Find the line with "A bowl of pasta with chicken and cheese." in the records below. Output exactly from there until after the line with "Medium Black Jewelled", without pictures.

━━━━━ EXTRACTED INFORMATION

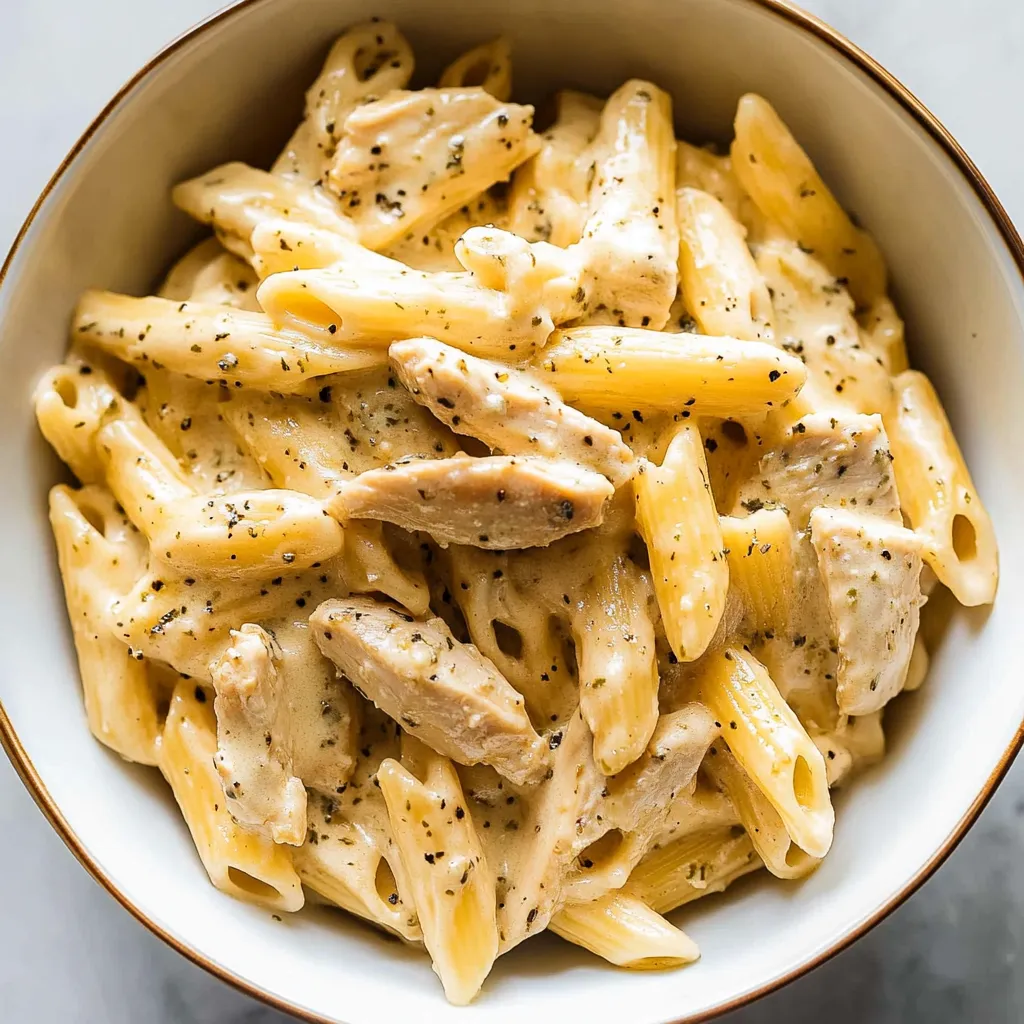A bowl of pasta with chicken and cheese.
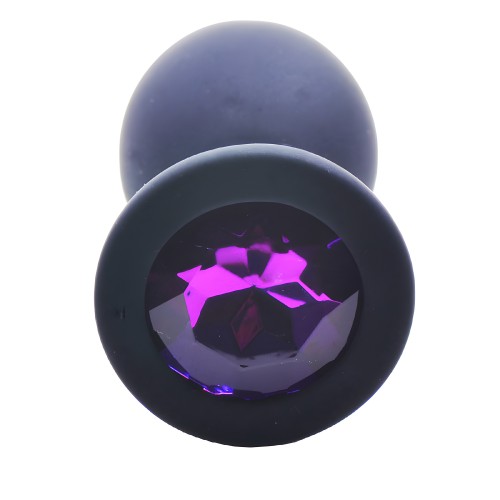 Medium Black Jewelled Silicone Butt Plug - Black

━━━━━━━━━━
━━━━━ EXTRACTED INFORMATION

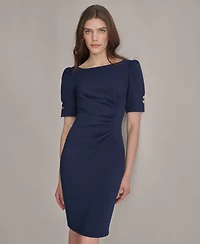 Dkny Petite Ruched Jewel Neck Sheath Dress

━━━━━━━━━━
━━━━━ EXTRACTED INFORMATION

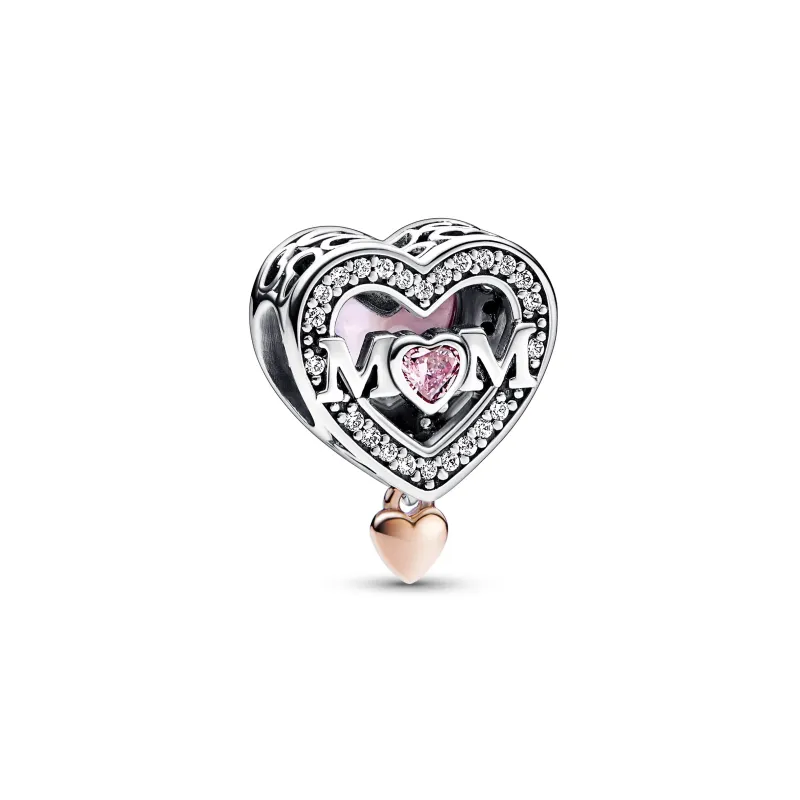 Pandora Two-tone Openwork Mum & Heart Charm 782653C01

━━━━━━━━━━

[RESPONSE TO THE TASK]
A bowl of pasta with chicken and cheese.
 Medium Black Jewelled Silicone Butt Plug - Black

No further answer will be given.